SOURCE RECORDS:
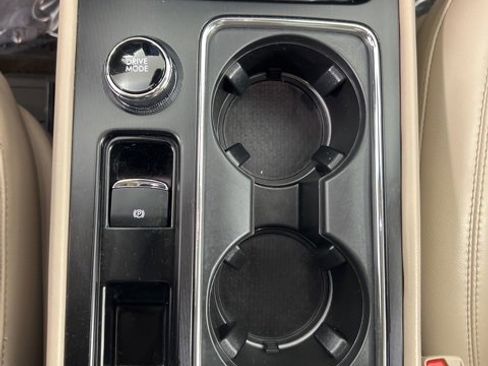 Used 2023 Lincoln Corsair Reserve w/ Equipment Group 201A image 14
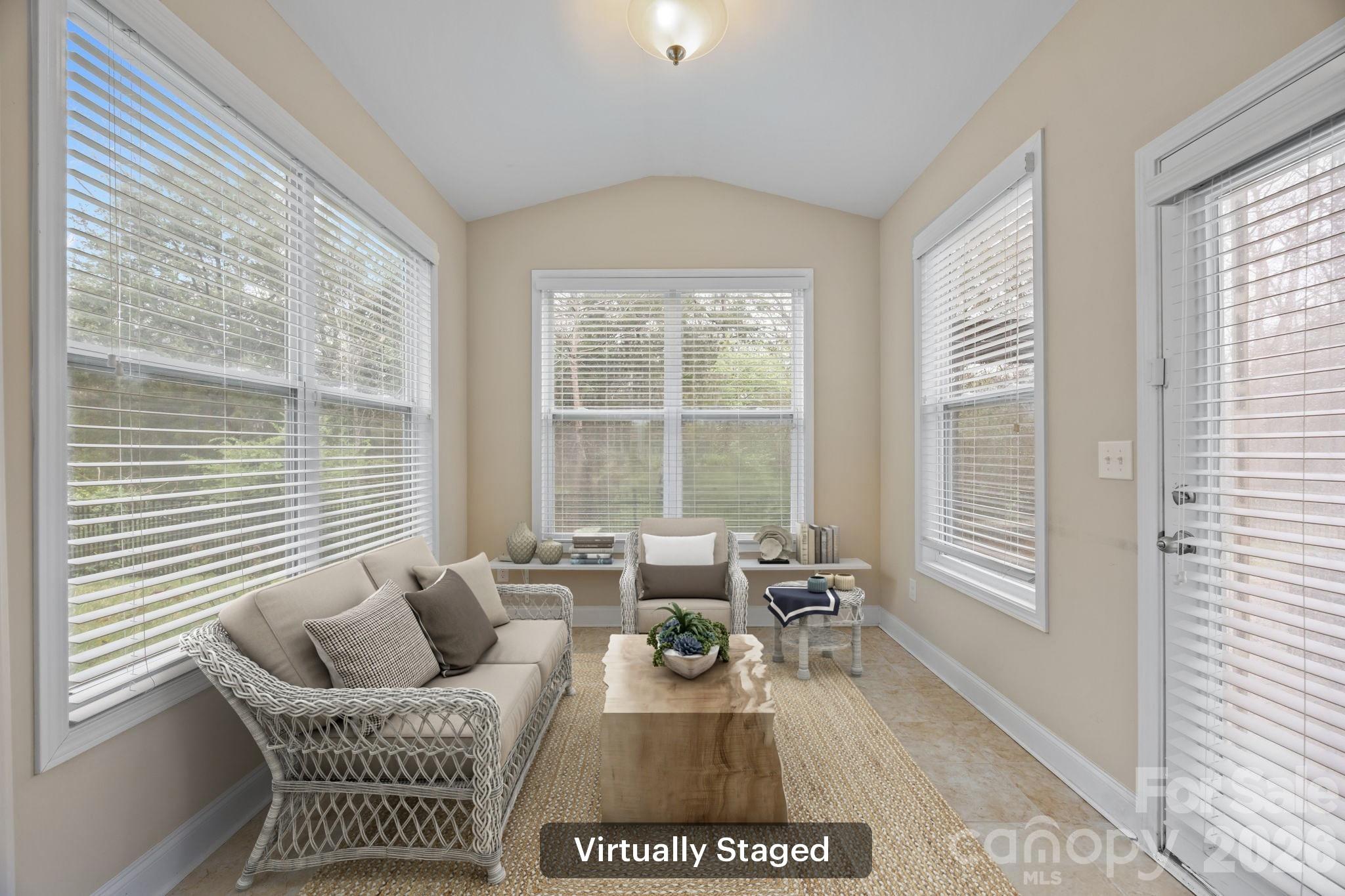 10817 Bere Island Drive — Charlotte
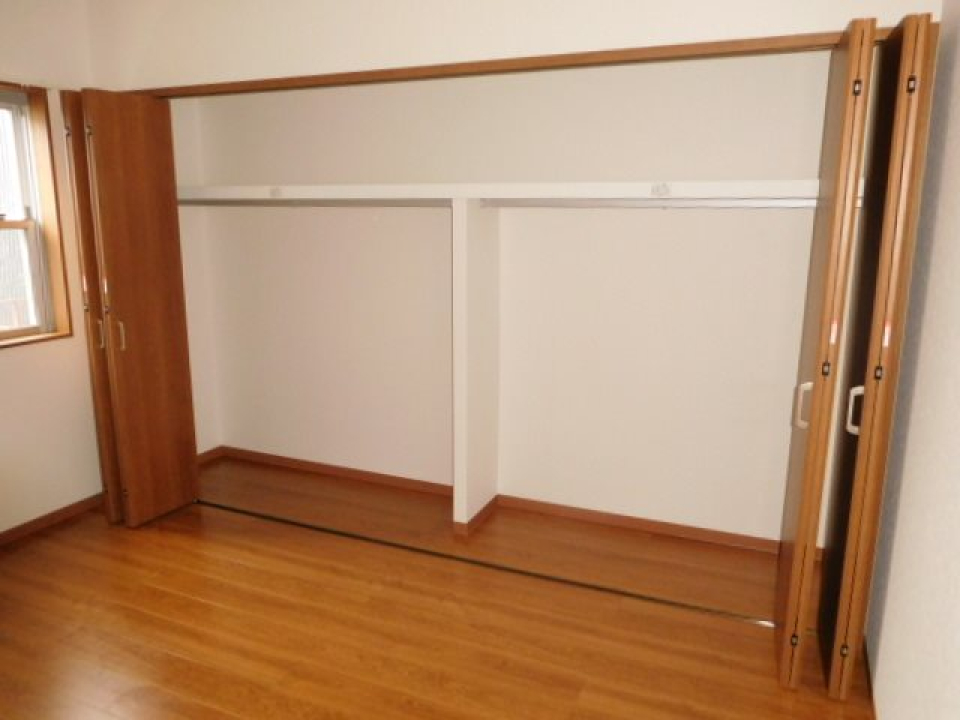 たっぷり収納できるクローゼット。縦にも仕切られているので、使う人や服の種類で分けられます！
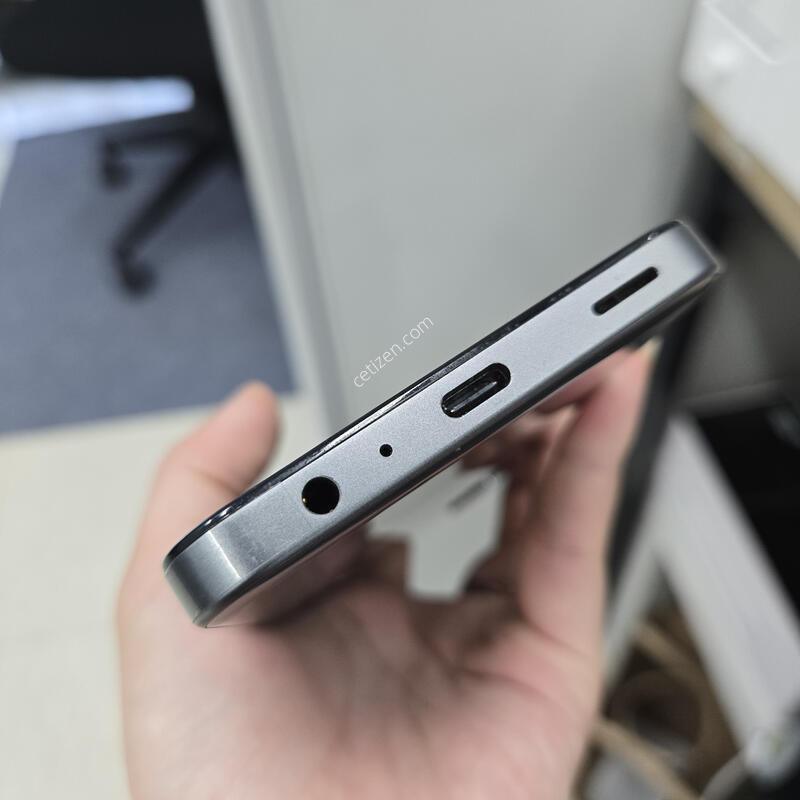 ������ ���̵�7 �׷��� 128GB �ܰ������ܻ���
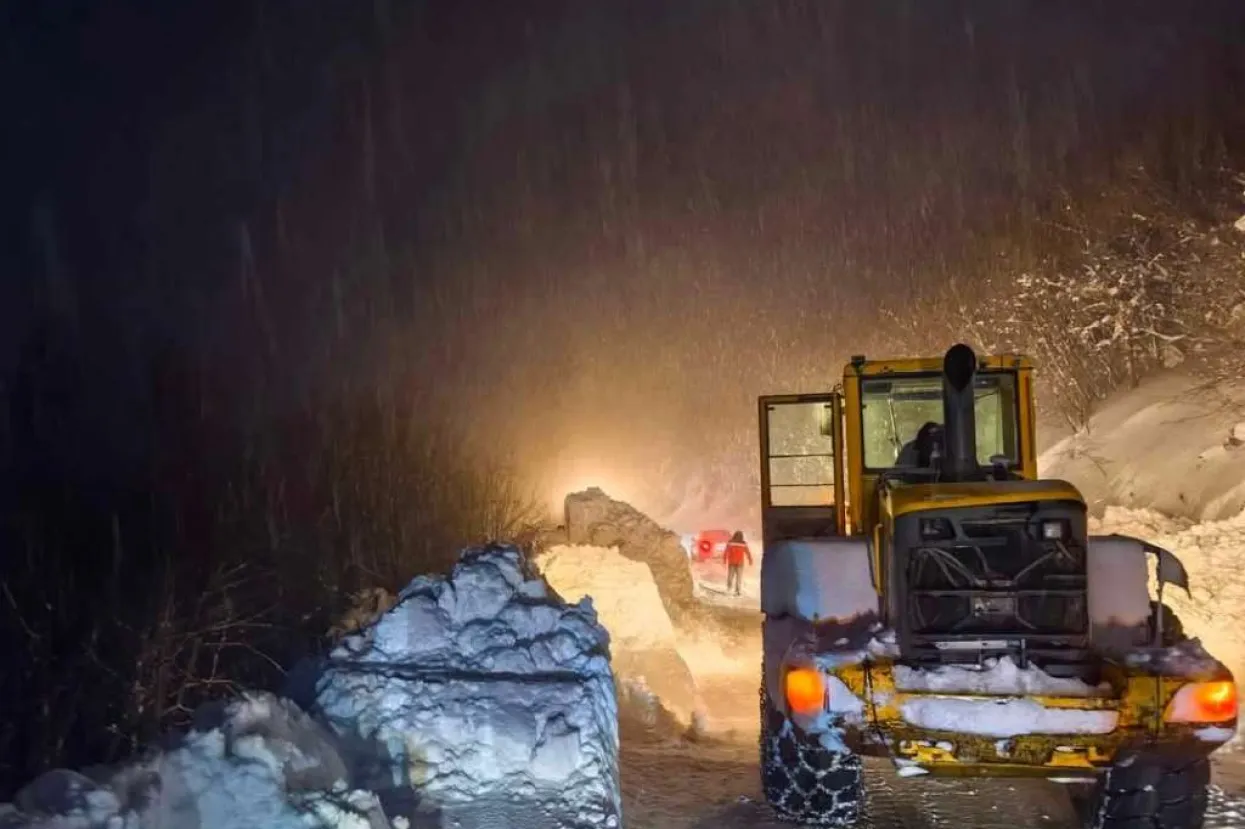 Drvar četvrti dan u snježnoj blokadi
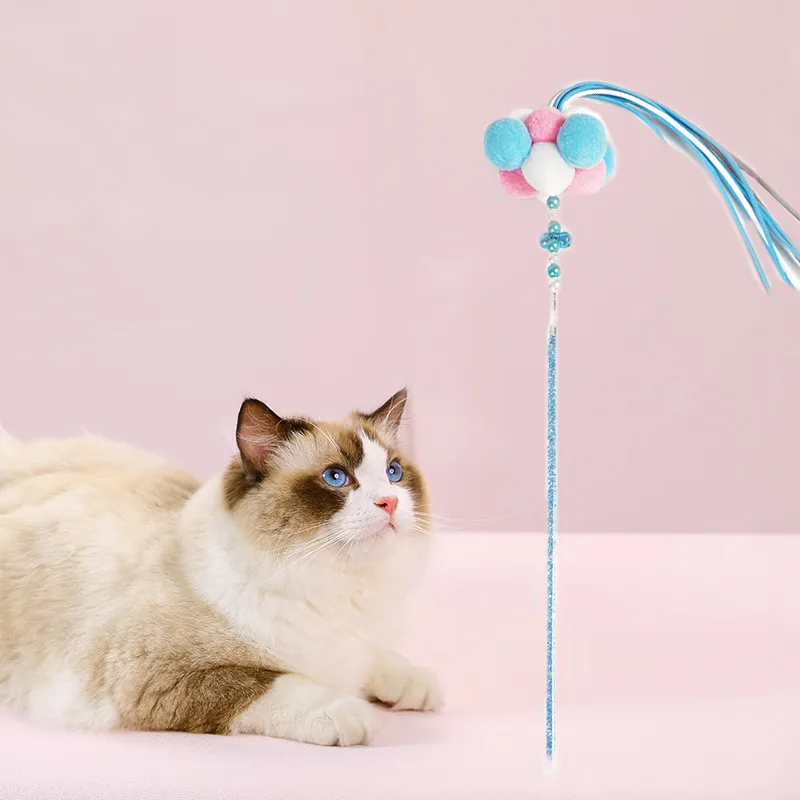 Искусственная пластиковая палочка с пером и маленьким колокольчиком 1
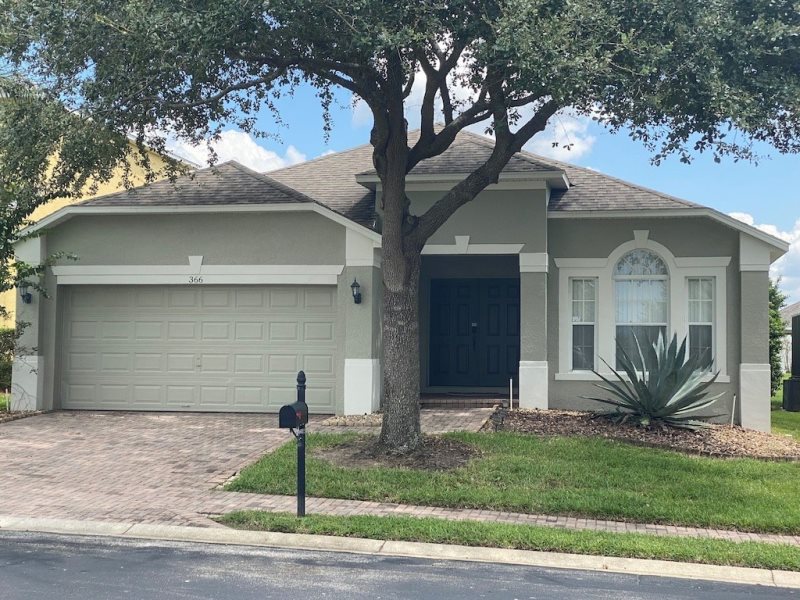 4 Bedroom Legacy Park Villa Close To Disney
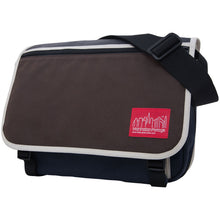 Load image into Gallery viewer, Manhattan Portage Army Duck Europa (MD) w/Back Zipper - Lexington Luggage (554820763706)
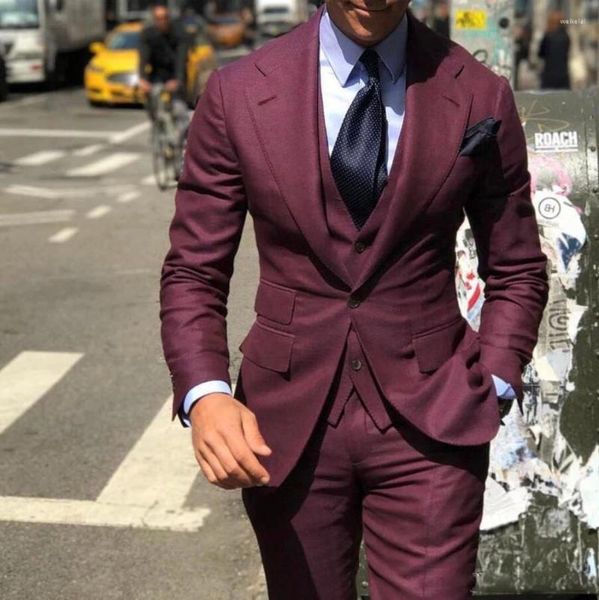 Trajes para hombre, esmoquin de boda de color burdeos personalizado, traje de novio entallado para hombre, traje de padrino de boda de 3 piezas, chaqueta Formal de negocios, chaleco y pantalones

WHAT YOU SHOULD DO:
Restate every line of the listing exactly. Pictures are not part of the copy.

EXERCISE SOLUTION:
 Used 2023 Lincoln Corsair Reserve w/ Equipment Group 201A image 14
 10817 Bere Island Drive — Charlotte
 たっぷり収納できるクローゼット。縦にも仕切られているので、使う人や服の種類で分けられます！
 ������ ���̵�7 �׷��� 128GB �ܰ������ܻ���
 Drvar četvrti dan u snježnoj blokadi
 Искусственная пластиковая палочка с пером и маленьким колокольчиком 1
 4 Bedroom Legacy Park Villa Close To Disney
 Load image into Gallery viewer, Manhattan Portage Army Duck Europa (MD) w/Back Zipper - Lexington Luggage (554820763706)
 Trajes para hombre, esmoquin de boda de color burdeos personalizado, traje de novio entallado para hombre, traje de padrino de boda de 3 piezas, chaqueta Formal de negocios, chaleco y pantalones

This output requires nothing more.